America’s Two-Party System Is Out of Date

Both parties have essentially accepted the New Deal consensus. What’s next?

The United States Capitol in Washington DC
The United States Capitol in Washington DC (Shutterstock/Orhan Cam)

Frank J. DiStefano argues in The American Interest that America’s two-party system is going through a period of transformation.

American politics have been dominated by two parties from the start, but those parties, and their coalitions, have changed over time.

The current Democratic-Republican duopoly emerged from the Great Depression and the New Deal, when Democrats formed a coalition bewteen ethnic and working voters in the North and white voters in the South and Republicans split into moderate and conservative wings.

Consensus

The debate over the New Deal — with Democrats in favor and Republicans opposed — has essentially been resolved, according to DiStefano.

America adopted some of what the Democrats proposed but agreed to some of the limits that Republicans proposed. It agreed that government would indeed take responsibility for many matters of health, safety and welfare. It would have Social Security, Medicare and an Environmental Protection Agency. America also agreed that those responsibilities shouldn’t be unlimited in scope, and that national planning isn’t always the best way to meet them. There will be no more Great Societies.

Both parties have accepted the new consensus. Democrats wouldn’t really try to build another Great Society even if they could. Republicans wouldn’t really try to abolish Medicare even if they had the chance. They couldn’t even repeal Obamacare.

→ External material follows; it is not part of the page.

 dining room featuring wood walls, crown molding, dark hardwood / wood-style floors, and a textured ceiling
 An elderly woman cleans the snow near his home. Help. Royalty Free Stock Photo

Yet both parties continue to speak in New Deal terms. The national debate, writes DiStefano, “is still built around a fading mirage of industrial-age America.”

Times are changing

  • A single high school-educated worker can no longer support a middle-class family with an industrial job.
  • America is no longer a beacon of the “free world” in a cold war, exporting its bounty — cars, appliances, movies, music — to the world as the only untouched economy after a devastating war.
  • We are at the cusp of a global social and economic transformation — from an industrial to a global information economy — as significant as the transformation from the agricultural world to the industrial.
  • The new economy is fast, mobile, disruptive. Competition comes from all corners of the globe.
  • Cultural rules and customs are changing constantly.

New coalitions

Entire voting blocs are changing parties. University-educated professionals, who are prospering in the new economy, are shifting from the Republicans to the Democrats. (“Rockefeller Republicans have fully given way to Bloomberg Democrats,” is how Reihan Salam puts it.) Blue-collar workers and farmers who fear losing out, and white voters who fear losing power in an increasingly multiethnic America, are going the other way. Democrats are becoming what Ronald Brownstein has called a “coalition of transformation”; Republicans, a “coalition of restoration”.

Michael Lind has similarly argued that the new dividing line will be between cosmopolitans, liberals and internationalists on the left and nationalists, social conservatives and isolationists on the right.

Whatever the outcome, there is little doubt that the presidency of Donald Trump is accelerating the realignment.